Joint Mobilisation

Feet Metatarsal Mobilisation

Joint Mobilisation

Overview

Joint mobilisations are manual therapy techniques that aim to improve joint mobility and flexibility and reduce joint pain.

Joint mobilisation can be applied to many body joints.

There are contraindications that have to be taken into consideration for mobilisation:

  • Joint swelling
  • Osteoarthritis
  • Bond Fracture
  • Bulge disk (if the mobs are intended on a vertebra)

Mobilisations are applied to any joint and are different from Chiropractic adjustment.

 

The difference is that Chiropractic adjustments are fast movements, applied with greater pressure.

Mobilisations are constant slow repetitive movements applied to the joint.

What type of mobilisation is given during a Myotherapy treatment?

Along with a Myotherapy treatment, which would be available at Melbourne Thai Treatment from December ’22 onwards, Giovanni would evaluate if mobilisation is the right treatment for your condition.

For example, mobilisation along the spine is the most recommended when someone presents with a stiff back, either in the sacrum, lumbar, thoracic or lower cervical area.

Giovanni would always double-check with you about what the mobs felt like.

The aim is not to reproduce any pain, cracking sound, or sharp sensation.

Indeed, the aim is to reproduce a firm pressure along the vertebrae.

Regarding the thoracic area, if any of those vertebrae, reproduce pain or sharp sensation, it would be better to apply the mobs along the vertebrae/ribs joint.

By doing so, still would be possible to affect spine mobility indirectly.

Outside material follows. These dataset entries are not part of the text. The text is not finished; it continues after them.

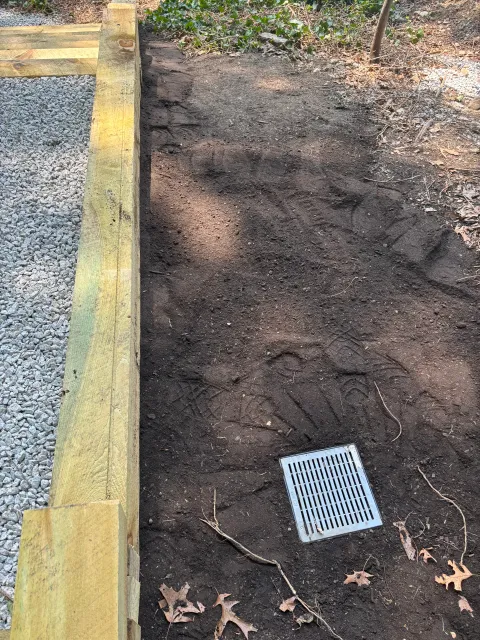 Yard drainage solution project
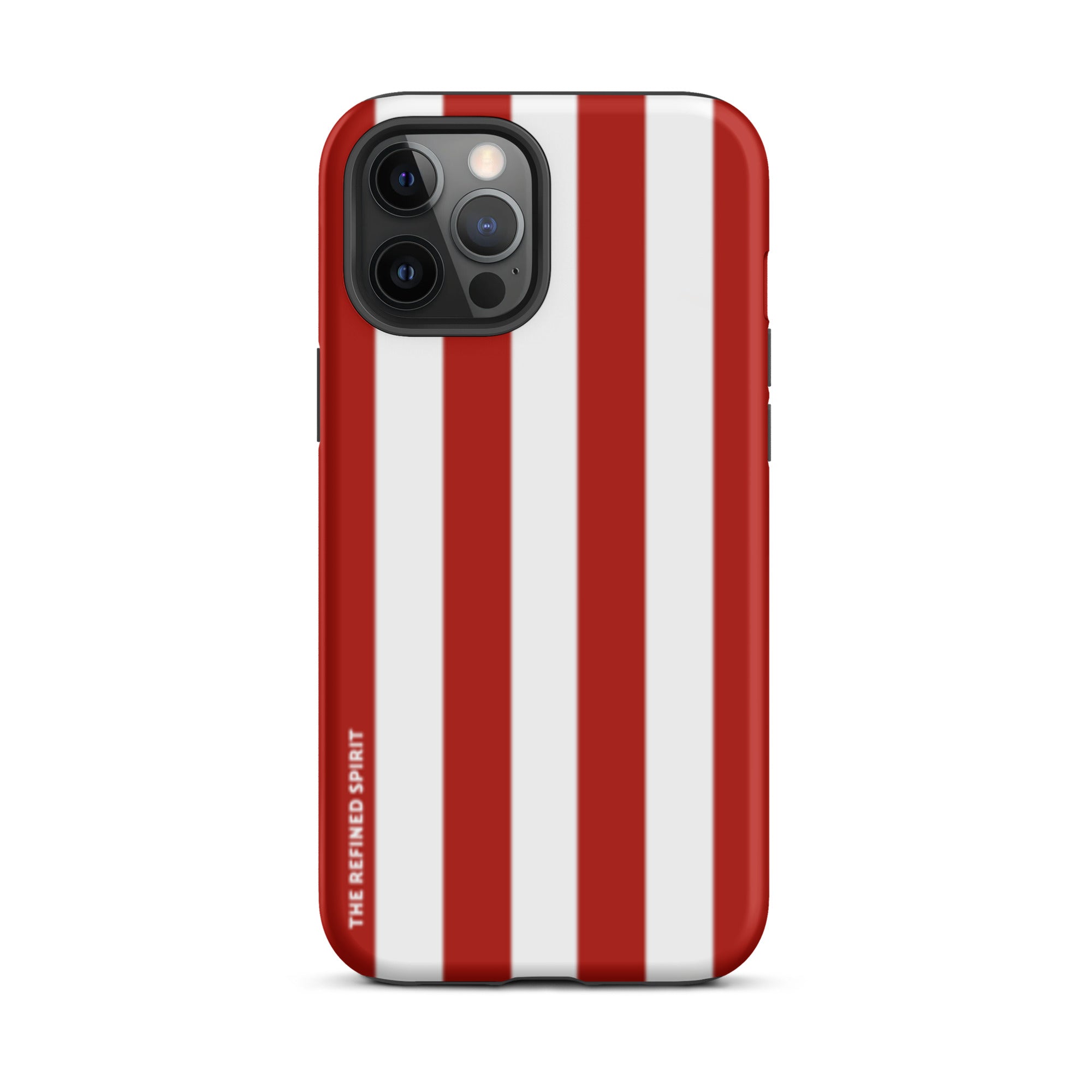 Red Stripes - Tough Case for iPhone® - The Refined Spirit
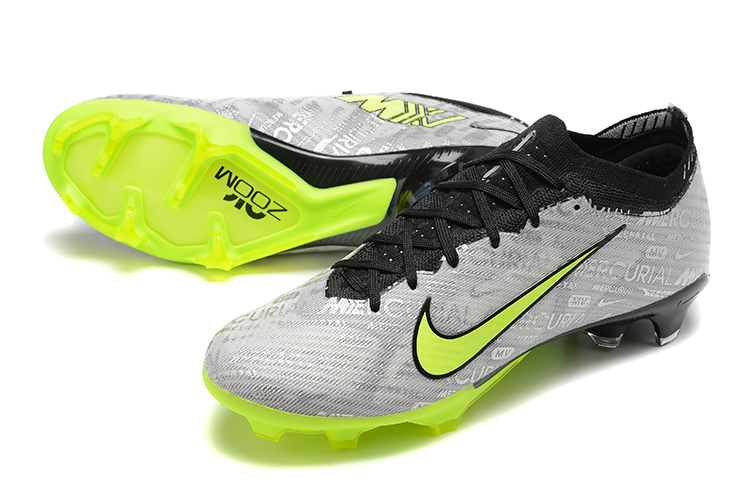Nike Zoom Mercurial Vapor 15 Elite XXV FG Silver Volt FB8395-060 - High-Performance Soccer Cleats for Unbeatable Speed Nike Zoom Mercurial Vapor 15 Elite XXV FG Silver Volt FB8395-060 - High-Performance Soccer Cleats for Unbeatable Speed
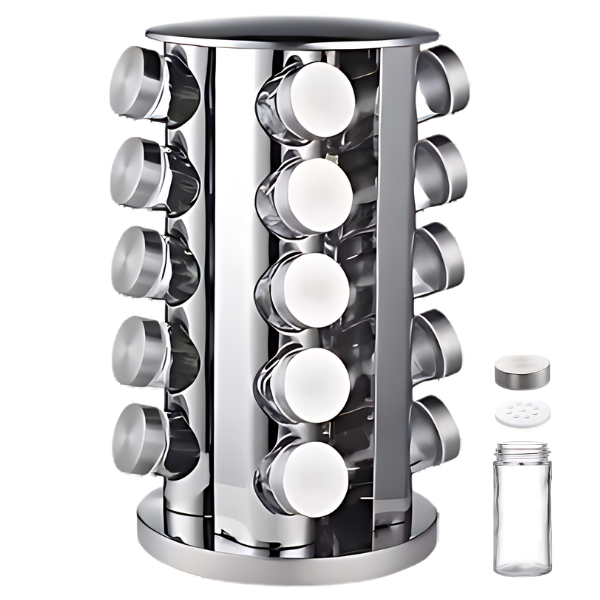 Obrotowy Stojak Na Przyprawy 20 Słoiczków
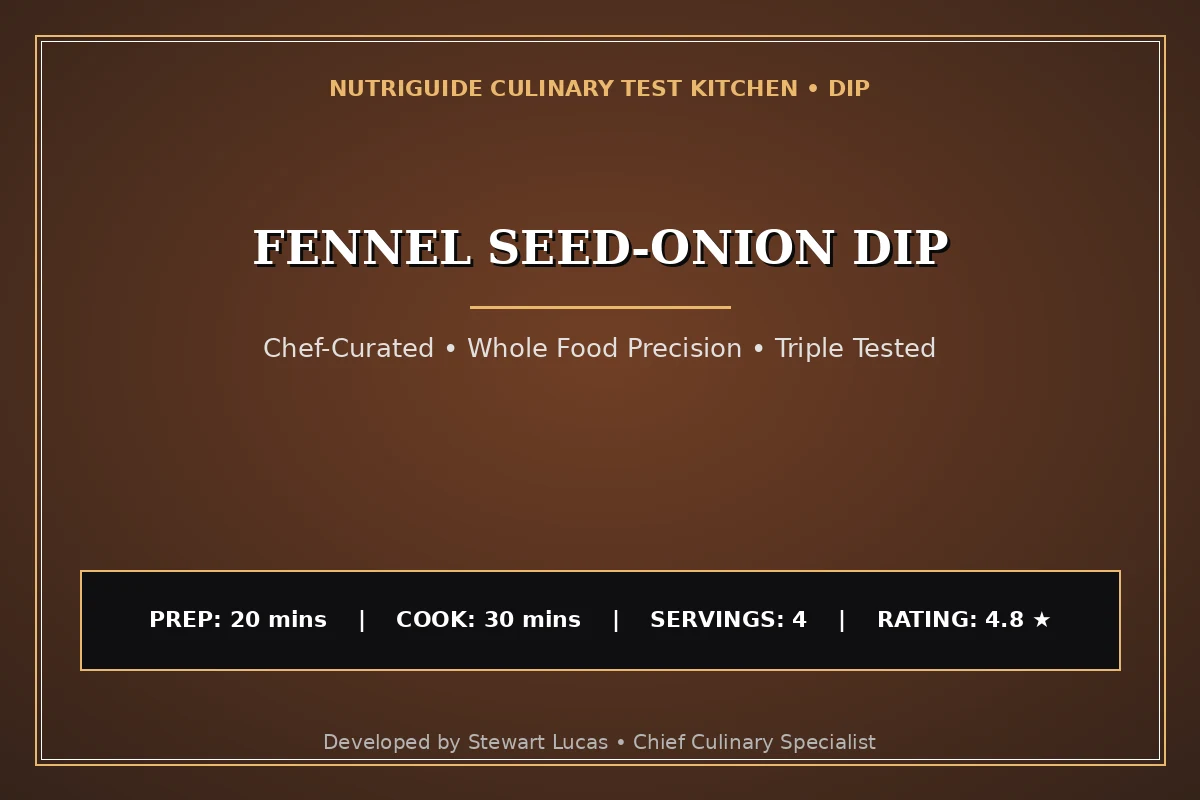 Fennel Seed-Onion Dip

Other mobilisations for which Giovanni got trained along with his Advance Diploma in Myotherapy at RMIT are for the Big Toe, Ankle, Shoulder, Feet, Hip, Wrist, and Elbow.

Mobilisations at the ankle area are used for improving ankle mobility.

Feet Metatarsal Mobilisation

Indeed the aim of improving ankle mobility is to better support during the walk, standing and or running.

Always talking about the feet area, the mobilisation applied to the Big Toes, is used along the Metatasolphalangeal Joint.

This mobilisation is applied by creating a distraction movement within the joint, so pulling the toes away and then applying a passive flexion and extension.

As already mentioned in another blog post, the Big toes are meant to extend up to 65° to 70° degrees.

In fact, the Big Toes are the feet area that should push the most in the feet strike as we walk.

In conclusion, mobilisations are a great way to increase mobility within a joint allowing better movement and improving the range of motion.